It is the buyers not sellers who are driving this panic.
When demand exceeds supply, prices rise. Supply is being exceeded by demand right now.
Should gun owners ever wake up and refuse to pay the prices, it'll come down, but it's going to take a while.

However, should anyone want to still point their finger at sellers, then sell me your Apple stock and Google stock at their initial IPO prices as I missed out on getting them cheaply when they were available. You're hoarding that stock at an inflated price and I want it for the original price.

I'm sorry so many missed all the signs back in 08. There was a run on ammo after Obama was elected if you remember. Ammo prices did finally fall.
Obama's gun hating history was known. We're lucky he didn't outlaw AR's and AK's and other so called assault/sniper weapons with both the senate and house of reps under liberal control the first term.
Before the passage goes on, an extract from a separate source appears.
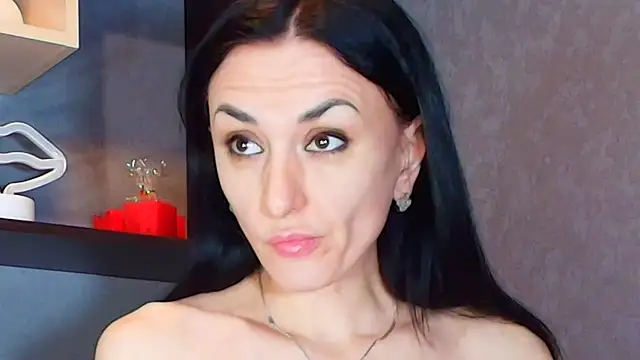 Snapshot of Siaconna chatting on March 6, 2025, 8:52 am Siaconna online show from March 6, 2025, 8:52 am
The liberals hate of the Second Amendment is known and* their views haven't and will never change.* Quit voting for liberals who want to bs you that they believe in the Second and then pass laws restricting your right. They are lying to your face when they say they support the Second, and follow it up with a "BUT".
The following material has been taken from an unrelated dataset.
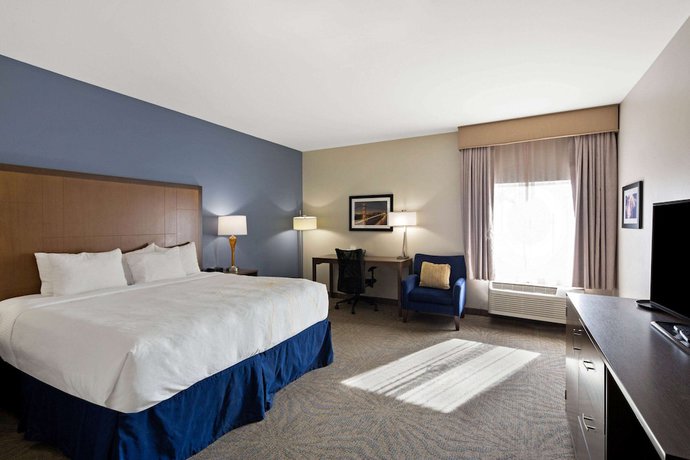 Imagen de la habitación del Hotel La Quinta Inn and Suites By Wyndham Morgan Hill-san Jose South. Foto 10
Stabenow and Levin are prime examples of how those gun owners who voted for them are now paying the price. Both will vote in favor of gun control and probably any taxes on guns and ammo that come up. Neither is your friend on guns. 
There will never be a perfect candidate, choose better next time.


----------



## Luv2hunteup (Mar 22, 2003)

I see 22mag is selling at the same price as 22lr at tonight's Flint repocast auction. In fact even with the buyers premium it is a good price for 22 mag.


----------



## buckslayer54 (Feb 18, 2013)

The people jacking up the prices do not really bother me, I just refuse to pay them. All the small sports shops jacking up the prices really bother me. I have 2 small shops that I will no longer do business with. They are only hurting themselves. Because when this is all said and done and they are crying "support the little guy" I will bring my money to walmart and pay a fair price like I have during these time of low supply. Temporary time of wealth for the little guy.


----------